QUITO, ECUADOR – Las Comadres—which loosely translates as The Godmothers, or “a very close friend”—is a feminist group fighting back against the nation’s restrictive abortion laws. Members accompany women through their abortion procedures and provide them with medical and legal information. Last weekend, they ran their first national workshop walking women through the process.
The two-day abortion accompaniment workshop focused on these legal, medical and psychological issues women may face, and how to be prepared for them. According to the women in Las Comadres, the most important part of the process is to be able to inform women of the possible medical side effects, and of their legal rights with confidence, since it’s fear of the unknown that is the worst side effect for women in these circumstances.
Over 45 women from across the country traveled to the capital, Quito, for the two-day abortion accompaniment workshop. They voiced questions and concerns from cases that they’ve already seen happening around them: What happens when a young woman’s own mother reports her for having an abortion?
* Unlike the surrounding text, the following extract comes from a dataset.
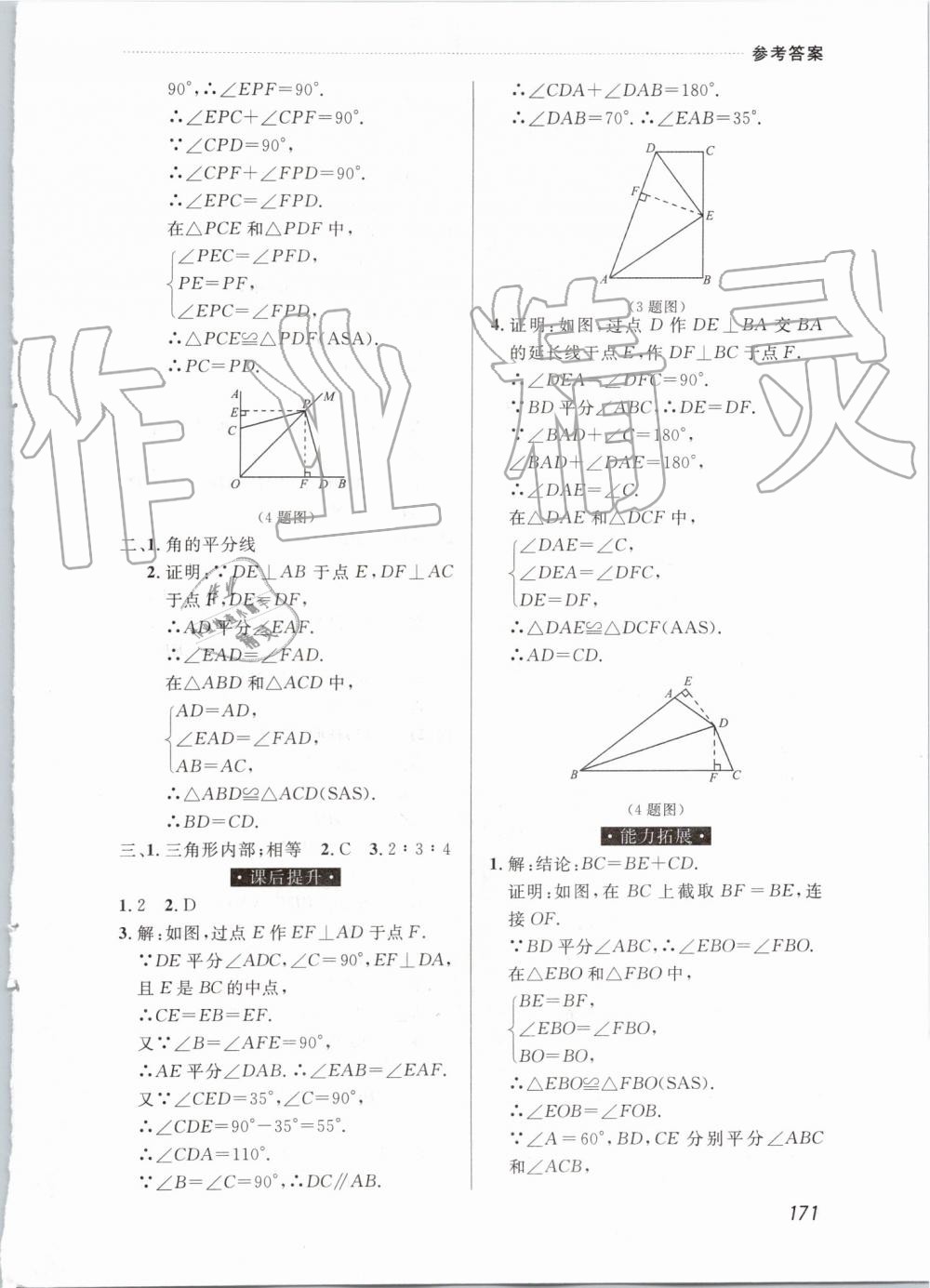 2019年中考快递课课帮八年级数学上册人教版 第9页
What happens if a woman asks a doctor about her options, and he simply tells her “you will die if you abort?” What happens if a pharmacist asks for your doctor’s phone number so they can call and ask why they are prescribing these particular medications?
Regardless of race, social class or education level, “woman will abort,” said Daniela Alvarado, a long time member of Las Comadres. “But the women who die, who have obstetric complications, who are confronted with insecure procedures, it’s because they’re more alone, in some way more excluded, or poor.”
According to Ana Vera, a lawyer with Las Comadres, 249 women have been charged with illegal abortion since 2013, while the vast majority of these cases were reported to police by doctors after women went into the hospital with complications.